The result of these improvements in NGS methods for ID/DD investigation, is that labs see a substantial increase in the probability of finding a meaningful result in a single assay. The probability is around 15 to 20% for array-based analysis2 (without SNV and indel detection), but could potentially be doubled when using targeted NGS.
Validating outcomes
When considering a change in workflow, such as a move from microarray analysis to NGS, it is imperative to carry out a thorough comparison study to confirm that the new assay performs as well as the existing assay. In the case of studying arrays vs NGS, accurate and reliable CNV detection will be the key indicator.
Figure 1 shows the result of a research sample that had a known deletion analyzed using a targeted NGS panel and a microarray. There was complete concordance between the two methods—highlighting the accuracy of the CNV calling from NGS.

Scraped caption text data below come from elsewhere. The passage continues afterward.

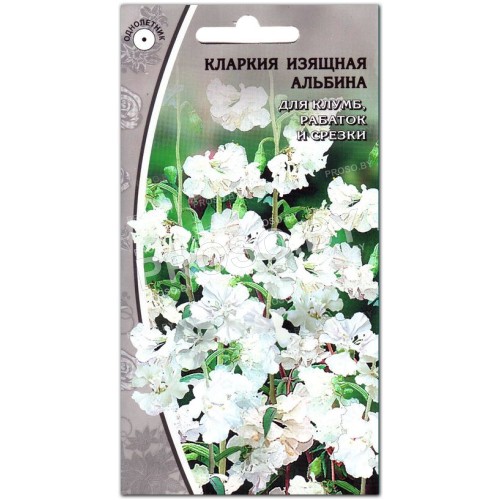 Кларкия Альбина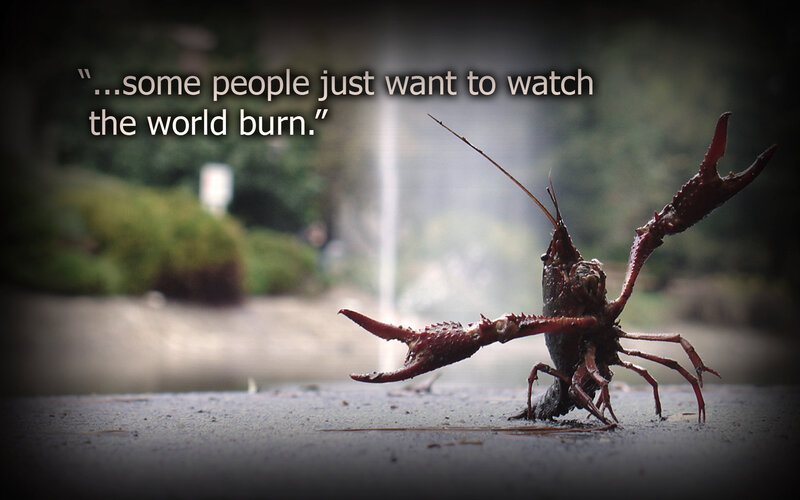 Crayfish on pavement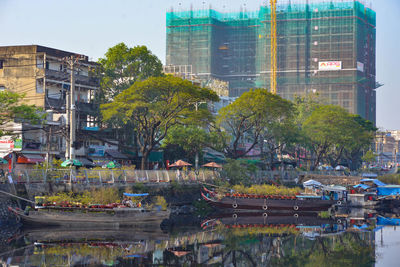 Trees and buildings in city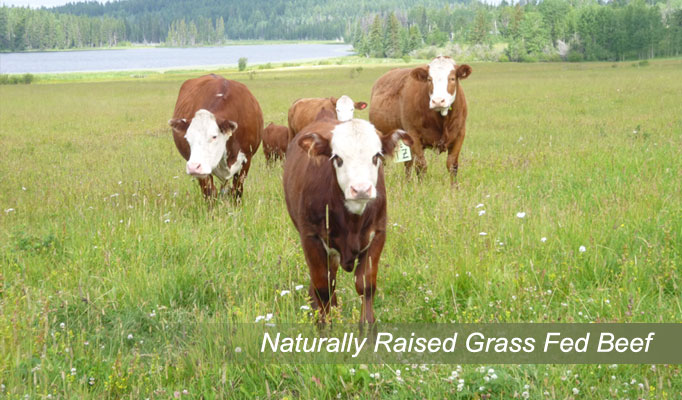 Grass fed beef in pasture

Example of a study comparing microarray analysis and a targeted NGS panel. The region shown in both panels is part of chromosome 11 and includes a 7.3 Mb deletion. Top: CytoSure Constitutional NGS panel. Bottom: CytoSure Constitutional v2 array for developmental disorder research.
Summary
Identifying the genetic origins of ID/DD has evolved significantly over the years—most notably the improvement in resolution when moving from karyotyping and in situ hybridization to microarrays. The probability of finding a cause for ID/DD from a microarray is often around 15 to 20%, which means extra testing and extra spending is necessary to increase the chance of a positive result. Whole genome or exome sequencing is sometimes used as a follow-up test after an inconclusive array result, but is expensive and time-consuming to analyze. Improvements in target enrichment, bait design and software have challenged the perception of NGS being unsuitable as a first-line test.
Constitutional-focused targeted NGS offers a highly suitable, efficient alternative to microarrays in ID/DD applications with simultaneous detection of SNVs, indels, CNV and LOH—while also offering benefits over whole genome sequencing, such as fewer VOUS, lower costs and higher depth of coverage. These capabilities provide confidence when switching from microarrays to targeted NGS, ultimately speeding up workflows and improving the number of actionable results, without compromising on CNV data quality.